Except this is exactly the problem. The easiest tactic is for people to paint writers as namby pamby arty scarfy posers, because it’s what most people think even when we’re not striking. Writing is largely not considered work. Art in general is not considered work. Work is a thing you physically labor at, or at the very least, hate. Art is fun. (And Hollywood writers are overpaid, scarf-wearing dainties.) It’s an easy argument to make. And a hard one to dispute.

That's pretty much the attitude I've been running into. Some guy the other (at a bookstore of all places) was nattering on about HOW MUCH writers make. He was responding to someone who was asking if House was going to keep being made (answer no, not after they use up the scripts already written) and he said he'd read something where some dude was saying writers made 25 grand when they turn in a rough draft and then another 20 grand the moment (cash on the barrel head?) they turn the first rewrite. And that all of Hollywood is "locked out." If you sell a script in Hollywood you're forced to join the union.

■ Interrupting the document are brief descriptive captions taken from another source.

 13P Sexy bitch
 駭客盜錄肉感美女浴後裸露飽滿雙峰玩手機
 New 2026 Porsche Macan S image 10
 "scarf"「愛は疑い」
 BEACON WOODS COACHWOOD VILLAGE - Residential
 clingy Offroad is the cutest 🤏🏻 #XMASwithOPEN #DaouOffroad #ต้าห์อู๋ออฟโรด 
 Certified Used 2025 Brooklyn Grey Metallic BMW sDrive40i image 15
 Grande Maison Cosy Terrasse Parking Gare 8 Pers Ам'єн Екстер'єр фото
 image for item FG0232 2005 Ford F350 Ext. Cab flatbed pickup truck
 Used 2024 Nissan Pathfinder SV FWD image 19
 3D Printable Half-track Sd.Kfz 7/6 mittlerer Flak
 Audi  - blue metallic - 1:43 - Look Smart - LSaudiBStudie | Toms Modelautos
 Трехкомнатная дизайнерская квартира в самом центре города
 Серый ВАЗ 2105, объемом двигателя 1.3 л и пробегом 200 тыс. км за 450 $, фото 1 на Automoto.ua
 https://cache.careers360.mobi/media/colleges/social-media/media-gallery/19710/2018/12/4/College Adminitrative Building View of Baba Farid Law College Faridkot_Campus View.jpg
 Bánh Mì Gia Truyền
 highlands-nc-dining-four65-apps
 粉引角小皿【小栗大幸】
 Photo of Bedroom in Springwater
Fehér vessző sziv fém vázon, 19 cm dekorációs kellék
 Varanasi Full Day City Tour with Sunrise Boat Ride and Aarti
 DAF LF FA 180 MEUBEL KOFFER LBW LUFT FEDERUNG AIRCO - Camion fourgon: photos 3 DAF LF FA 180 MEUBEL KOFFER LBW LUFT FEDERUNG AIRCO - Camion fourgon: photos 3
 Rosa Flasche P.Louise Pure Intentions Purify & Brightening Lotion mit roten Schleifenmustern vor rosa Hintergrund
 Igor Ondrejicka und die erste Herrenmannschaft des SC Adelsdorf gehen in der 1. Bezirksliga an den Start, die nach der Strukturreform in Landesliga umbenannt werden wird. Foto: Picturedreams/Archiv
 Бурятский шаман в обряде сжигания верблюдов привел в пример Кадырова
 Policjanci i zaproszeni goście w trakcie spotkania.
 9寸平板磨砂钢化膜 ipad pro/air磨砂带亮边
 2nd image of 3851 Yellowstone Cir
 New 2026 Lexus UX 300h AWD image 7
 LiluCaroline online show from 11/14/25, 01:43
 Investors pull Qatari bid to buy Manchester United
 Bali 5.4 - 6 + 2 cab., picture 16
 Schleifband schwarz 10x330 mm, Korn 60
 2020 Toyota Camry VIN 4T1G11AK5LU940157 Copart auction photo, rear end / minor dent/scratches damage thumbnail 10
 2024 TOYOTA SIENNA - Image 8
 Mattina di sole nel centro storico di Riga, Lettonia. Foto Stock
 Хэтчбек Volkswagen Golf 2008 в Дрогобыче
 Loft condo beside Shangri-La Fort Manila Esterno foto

When I pointed out that this is just not simply not true, starting with the fact that TV writers tend to be paid a salary not a per script price, and moving on to the bizarre notion that everyone in Hollywood is union, (I totally forgot to mention that nobody in their right mind turns in a "rough draft" and that script doctors are the ones getting paid for rewrites) he said that he meant feature film scripts. I said a good one takes about a year to write and he said some people write faster than others. Which is true but so what?

Let's look at Ratatouille. This is a film that has made nearly 400 million dollars world wide. Let's say the writer got Guild minimum (I'm sure that isn't the case, but let's pretend) - so they made around thirty grand writing what became a 400 million dollar film. And the writer is greedy and whiny and shouldn't be allowed to go on strike?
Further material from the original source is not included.